Os dois chegaram a Portugal em Maio passado, num avião que trazia outros requerentes de asilo, entre os quais outros 20 sírios que foram acolhidos pelo Conselho Português para os Refugiados (CPR). Destes 22 em Portugal a partir de Maio, apenas seis permanecem em Portugal.
Quinze foram para a Alemanha e um está na Holanda. Fizeram-no, diz quem ficou, porque não tinham nada a perder, não concordaram com a forma como foram acolhidos, sentiram-se humilhados, como ainda se sentem Khaled e Lara, que vivem numa casa no Cacém. Zozan e Shehar e a irmã dele, Shadega, que estão numa outra casa na zona de Sintra, fugiram de Alepo.
Portugal não estava na lista de oito países escolhidos de Lara e Khaled, quando se inscreveram na Grécia para o programa de recolocação da União Europeia (UE).

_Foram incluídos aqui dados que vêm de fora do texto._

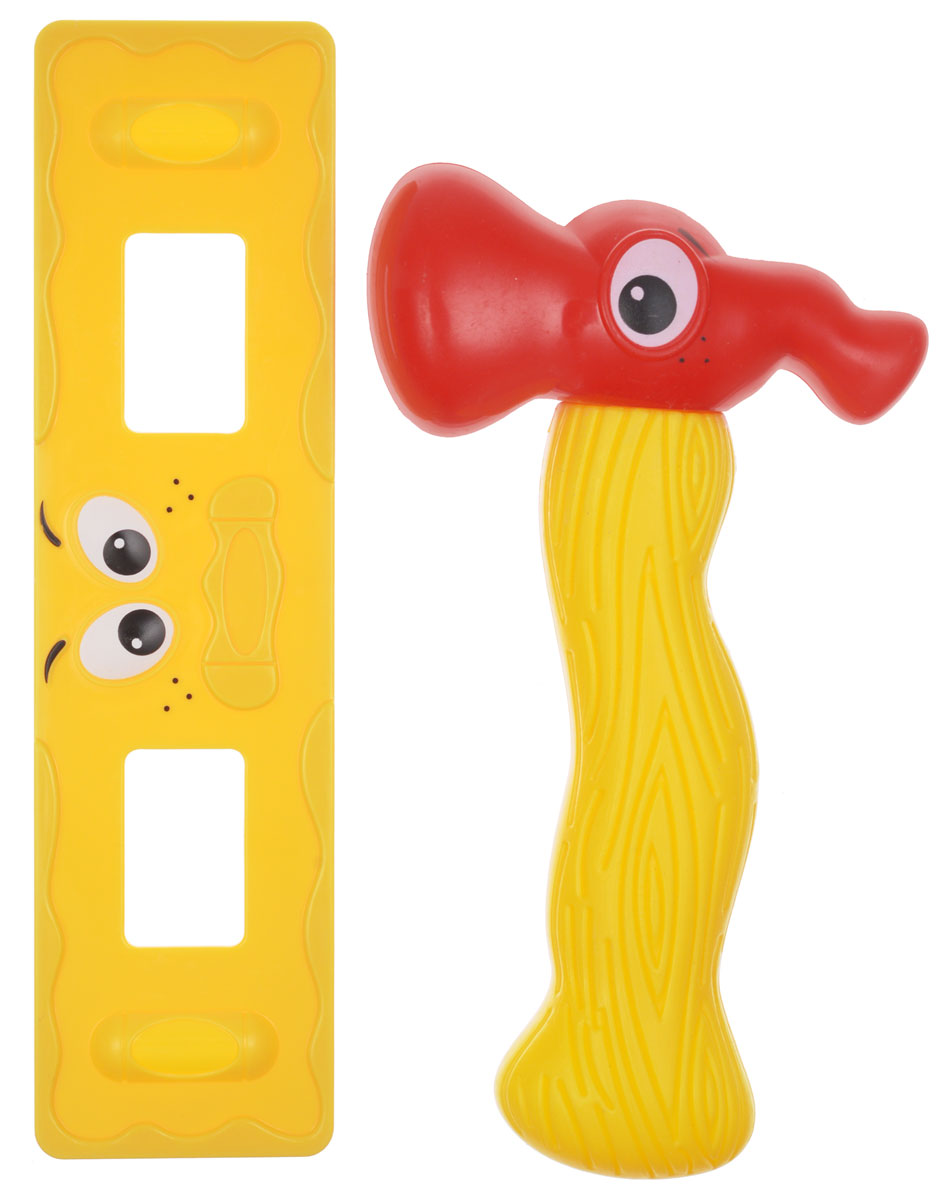 1TOY Игровой набор Профи-малыш цвет красный желтыйТ55993_красный/жёлтый-молоток 1TOY Игровой набор Профи-малыш цвет красный желтыйТ55993_красный/жёлтый-молотокИгровой набор 1TOY Профи-малыш состоит из реалистичных инструментов для любой работы. В наборе: молоток, уровень. Все составляющие набора изготовлены из безопасного качественного пластика. С помощью игрового набора с инструментами ребенок сможет обучиться быть более самостоятельным и хозяйственным. Играя в сюжетно-ролевые игры, у него развивается логическое мышление, координация движений и внимательность.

No âmbito desse programa aprovado em Setembro de 2015, os países comprometem-se a acolher requerentes de asilo, da Grécia ou da Turquia, e a conceder-lhes o estatuto de refugiado ou protecção internacional. Agora que cá está, o casal quer ficar.
Do conjunto das 362 pessoas acolhidas pelo CPR, desde Dezembro de 2015, no início do programa de recolocação, apoiado pela UE, “216 abandonaram os projectos de acolhimento”. Permanecem 146 pessoas.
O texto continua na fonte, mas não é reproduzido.